== Task description ==
Beginning with the line containing "Student with a" and going on through the line containing "A modern kitchen", the lines below are to be returned exactly, pictures excluded and nothing added.
==============================
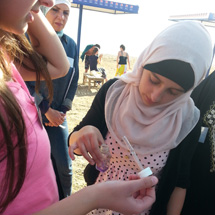 Several students take measurements together.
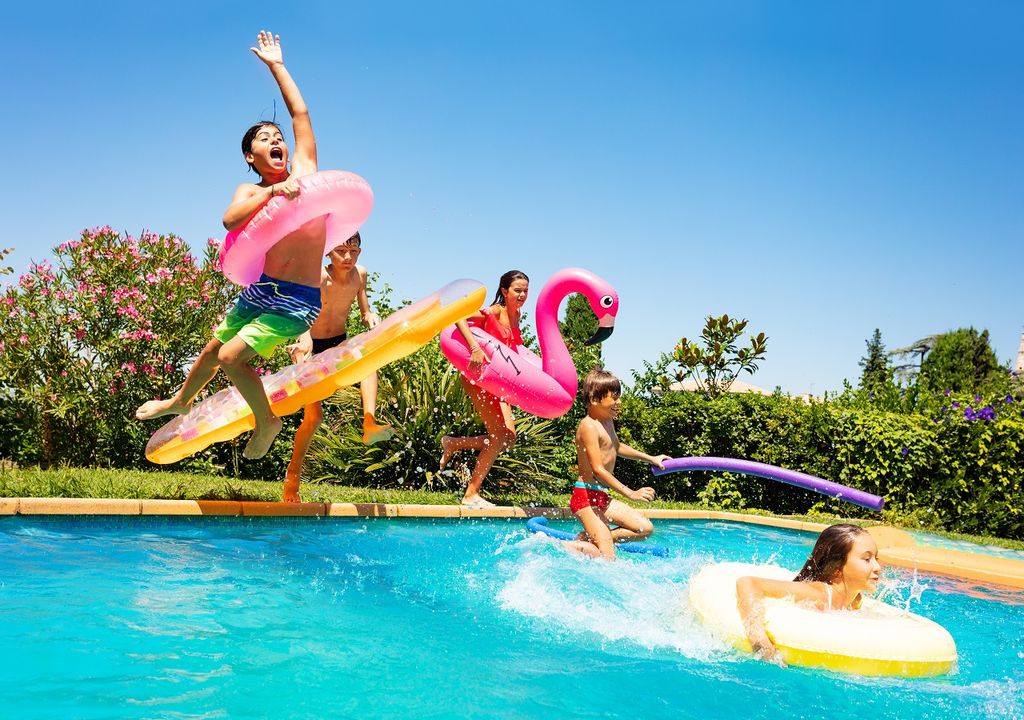 Niños saltando a la piscina; verano; calor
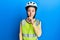 Beautiful brunette little girl wearing bike helmet and reflective vest asking to be quiet with finger on lips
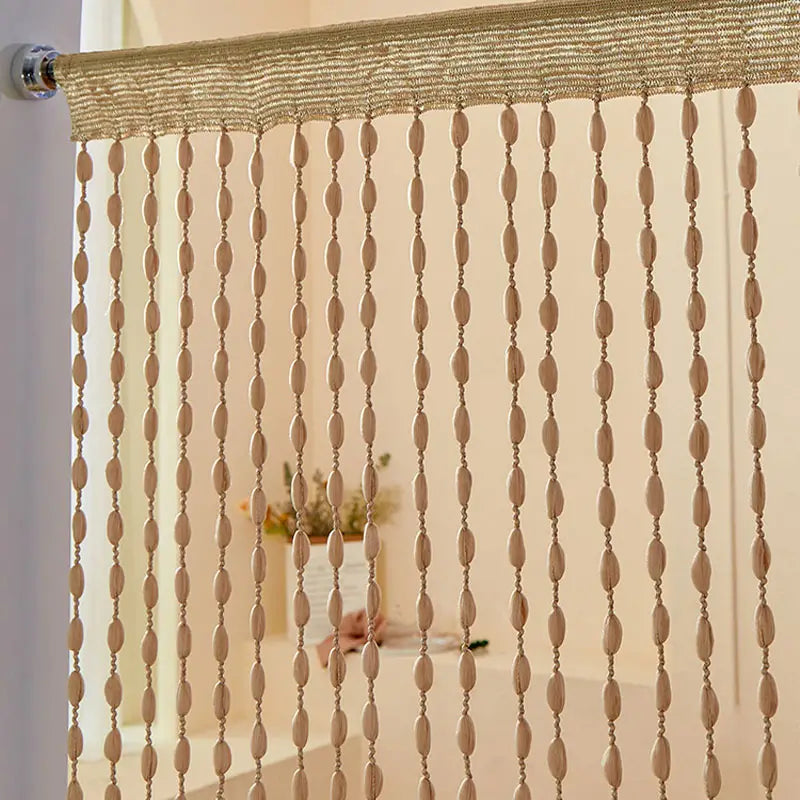 Beaded curtain with a neutral color scheme in a room setting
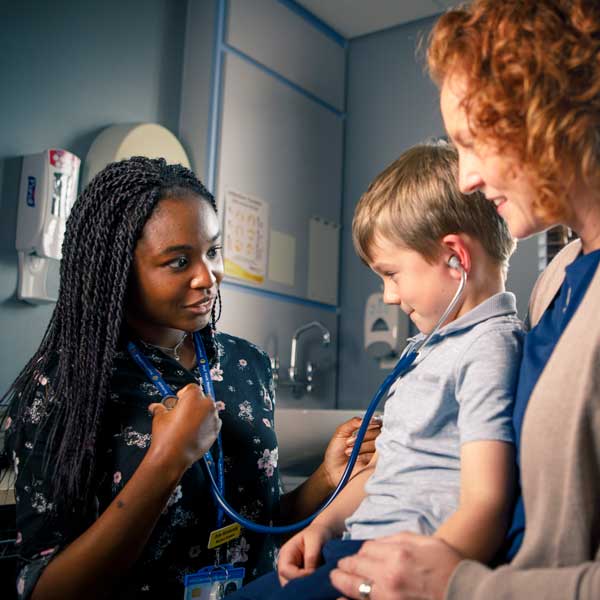 Student with a child and parent in a GP surgery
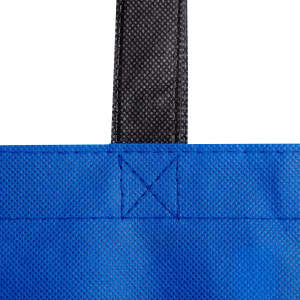 A reusable grocery bag in blue with black handles, featuring a texture pattern and stitching details. It has a logo.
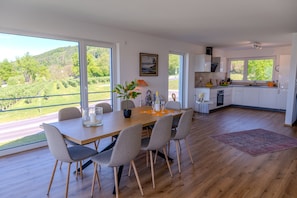 A modern kitchen with white cabinets, a dining area with a wooden table and chairs, and large windows offering a view of a green landscape.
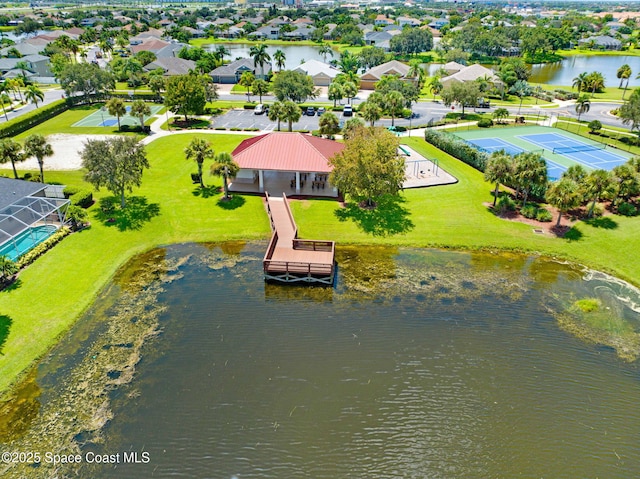 drone / aerial view featuring a water view and a residential view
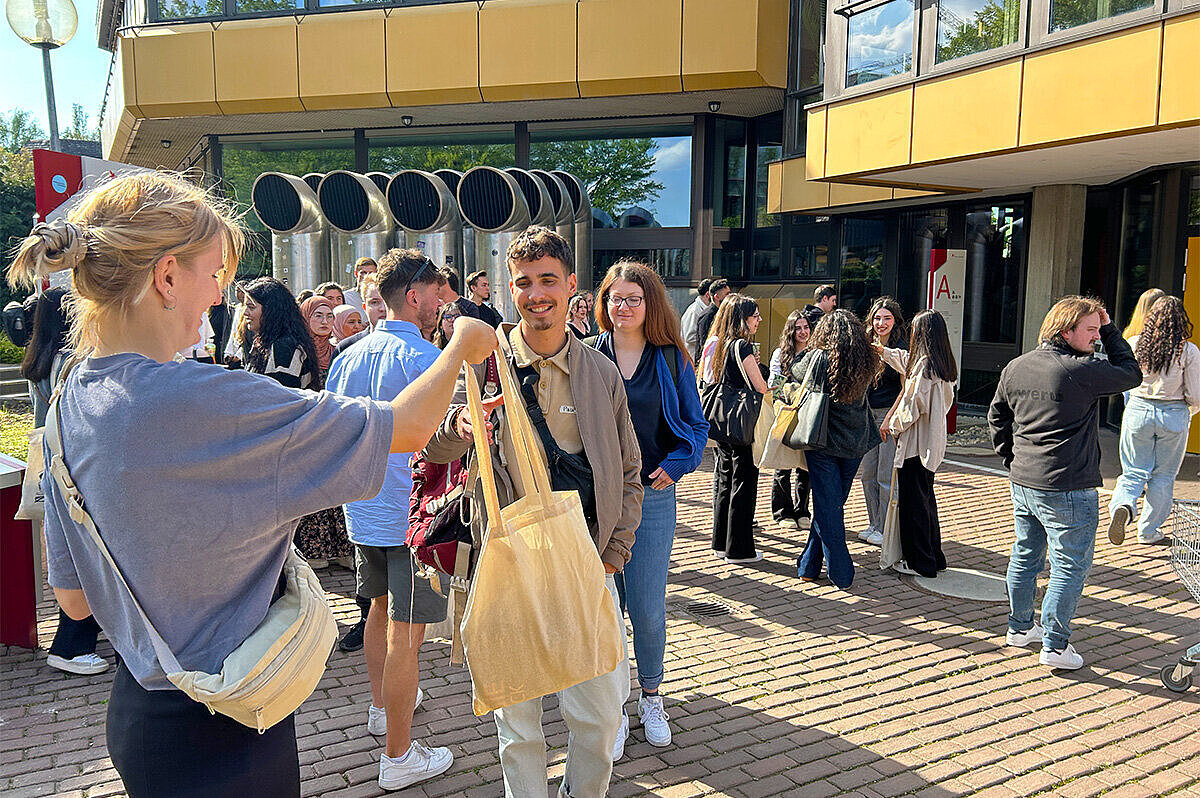 Vertreter:innen des AStA stehen auf dem Campus Kurt-Schumacher-Ring und verteilen die beliebten Ersti-Taschen.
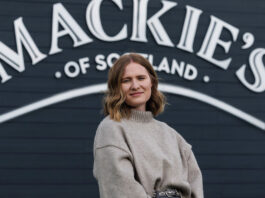 Mackie’s fires up frozen sales Kirsten Blockley, national account manager at Mackie's of Scotland, stands in front of the Mackie's of Scotland sign.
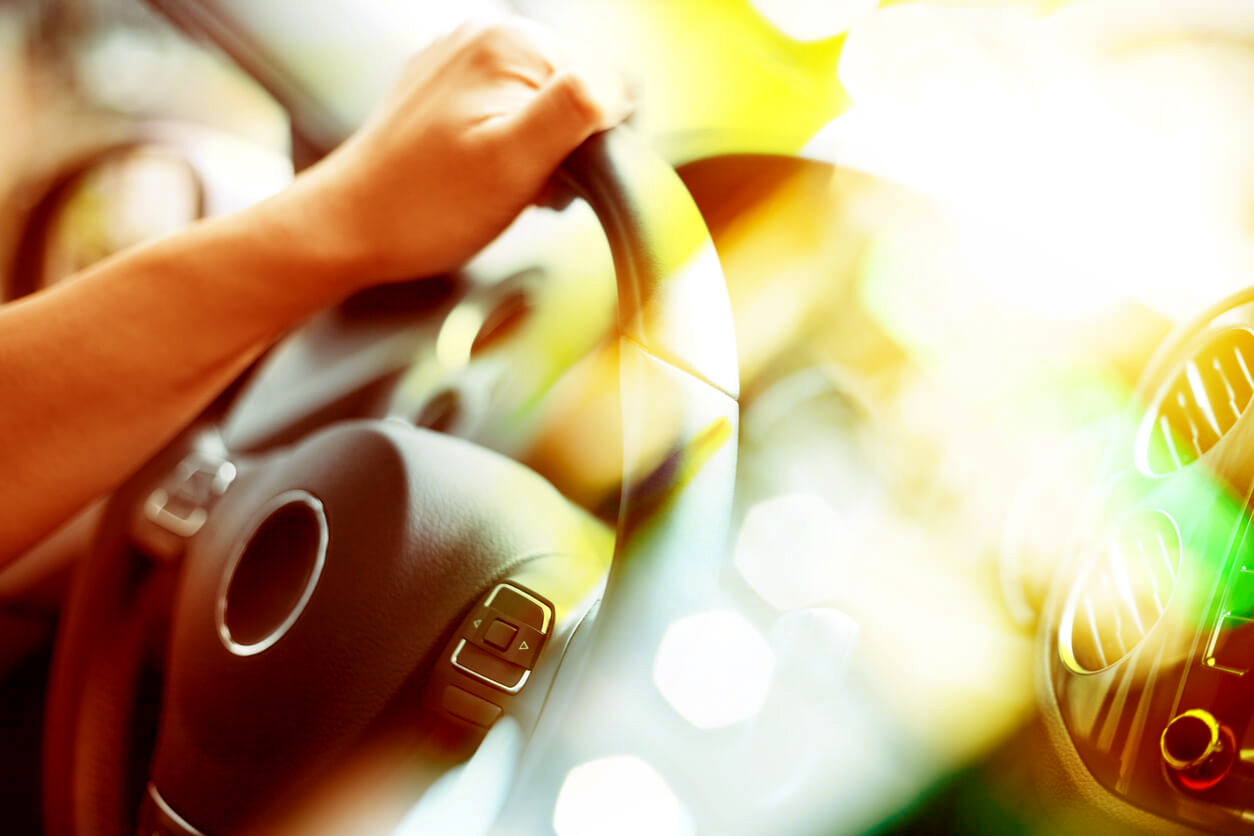 Driving a car in the sun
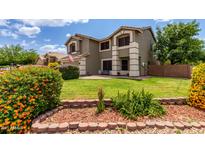 Beautifully landscaped front yard with lush lawn, colorful bushes, and a charming two-story home at 3730 S Chaparral Rd, Apache Junction, AZ 85119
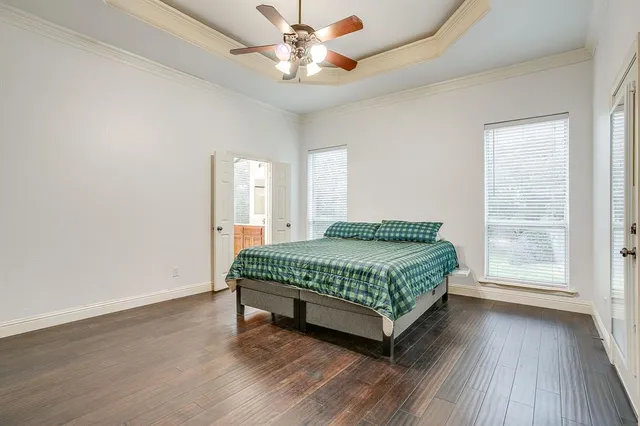 a bathroom with a tub a sink shower and mirror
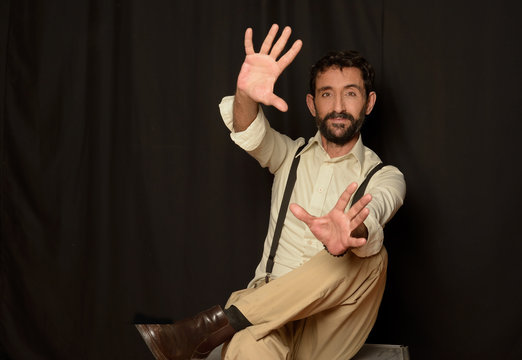 Adult elegant man outstretching hands forward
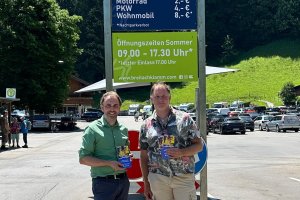 Regionenlotse Joachim Weiler von fahrmob.eco und Dominik Fritz, Betriebsleiter der Breitachklamm stehen mit Fahrmob-Flyern in der Hand vor dem Parkplatz der Breitachklamm.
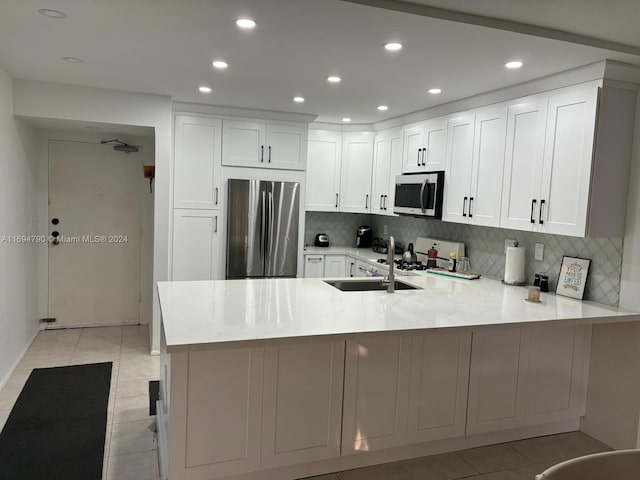 kitchen with stainless steel appliances, tasteful backsplash, light tile patterned flooring, kitchen peninsula, and white cabinets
==============================
== Answer area ==
 Student with a child and parent in a GP surgery
 A reusable grocery bag in blue with black handles, featuring a texture pattern and stitching details. It has a logo.
 A modern kitchen with white cabinets, a dining area with a wooden table and chairs, and large windows offering a view of a green landscape.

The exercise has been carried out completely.